The Missouri Senate passed a congressional redistricting map Thursday and then adjourned for the year.
The 22-11 vote came after Senate Majority Leader Caleb Rowden invoked a rarely-used rule to bring a bill from the Senate Select Committee on Redistricting to the floor.
The adjournment came a day before the constitutionally mandated end of the session. It was the first time the rule to bring a bill out of committee was used since 1979. And it was perhaps the first time either chamber of the General Assembly has quit working a day early since a fixed adjournment date was added to the constitution in 1952.
All the opposition votes came from members of the chamber's conservative caucus, who have spent the entire session calling for a map that would give the GOP another seat in the state's delegation.
The motion bringing the bill out of committee was signed by 12 senators and caught members of the conservative caucus off guard, leading Sen. Bob Onder, R-Lake St. Louis, to accuse leadership of a "sneak attack."
The bill, which was passed Monday in the Missouri House, now goes to Gov. Mike Parson. If Parson signs the bill, it will take effect immediately and be used for the Aug. 2 primaries.
Onder tried to put off debate by arguing that the rules required a day's delay. When that was overruled, he challenged the result. The Senate voted 26-5 to move ahead with the bill.

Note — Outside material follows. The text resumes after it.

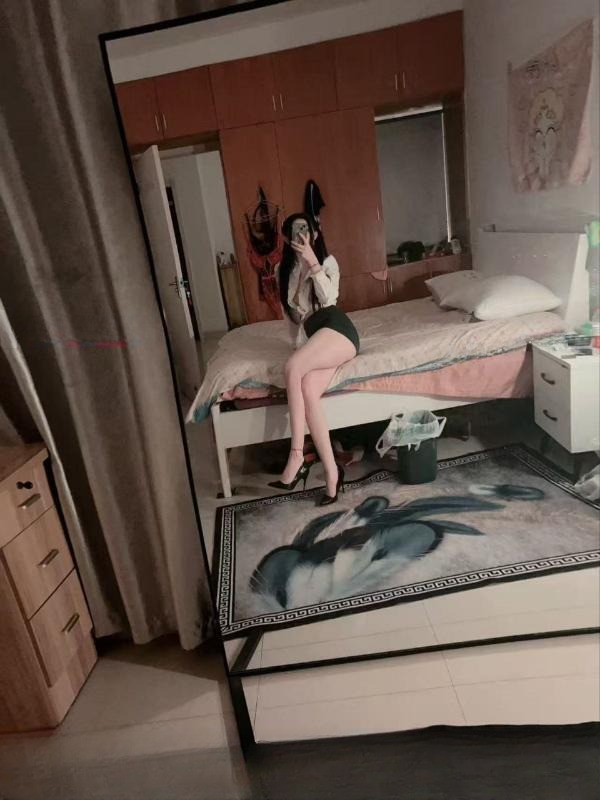 风骚反差清纯女友悠悠 图 3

Missouri is entitled to eight seats in the U.S. House of Representatives, and districts must be revised every 10 years after a national census. The first plan, released in December with backing from the Republican leaders of both chambers, essentially kept the partisan breakdown of the state's delegation unchanged, with six safe Republican districts and two Democratic districts in Kansas City and St. Louis.
The House passed that bill in January and, after weeks of on-and-off debate, the Senate passed a significantly altered version in late March.

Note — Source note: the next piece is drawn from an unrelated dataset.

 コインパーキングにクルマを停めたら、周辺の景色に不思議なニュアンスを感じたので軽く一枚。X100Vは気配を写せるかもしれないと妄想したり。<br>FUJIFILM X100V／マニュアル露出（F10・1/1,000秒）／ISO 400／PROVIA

The seven members of the Senate's conservative caucus demanded a map that cracked the Kansas City district and combined it with a huge swath of rural counties to make it possible for the GOP to capture the seat.
The "6-2" vs. "7-1" debate came to a head in February when the conservative caucus began a filibuster that blocked progress not only on the redistricting plan but also on basically every other bill. At one point, two Republican Senators got into a shouting match and had to be physically separated.
"I don't think that 7-1 was even remotely possible," Rowden said Wednesday on the floor. "Even for the folks who were advocating for it originally.
Since the Senate vote, the House has been unwilling to vote on the Senate version and the upper chamber has refused to negotiate. To break the impasse, the House passed a new bill Monday. It was initially set for a Senate committee hearing Wednesday, but with the floor tied up with debate on other bills, the meeting was pushed to Thursday.
When the time came for the hearing, Chairman Mike Bernskoetter, R-Jefferson City, gaveled the panel into session and immediately called a recess. Five hours later, the bill was on the floor.
"I believe the new map does a good job of balancing Missouri's regions and their different views," Bernskoetter said. "It meets all the requirements we are constitutionally obligated to meet."
Throughout the day, rumors that the Senate leadership would shut off debate hung over the chamber. A motion was prepared, with the signatures of 10 Republicans, in case it was needed.
It was not because conservative caucus members decided to have their say and sit down.
"The process stinks to high heaven," Onder said as the bill came to a vote. "For what reason did leadership use a discharge petition to get this to the floor? Was that some kind of sick power play?"
Sen. Bill Eigel, R-Weldon Spring, also said he didn't like the final map. Like Onder, he's from St. Charles County, which both had hoped to keep whole in the new arrangement.
"I am disappointed it looks like we are going to take a larger split in our county," Eigel said.
The map balanced the interests of all sections of the state, Bernskoetter said, and has as few county splits as possible. The ideas for a 7-1 map would have drawn Kansas City voters into districts with large numbers of rural voters, he noted.
"It just never made any sense to me," Bernskoetter said, "to bust up those communities of interest."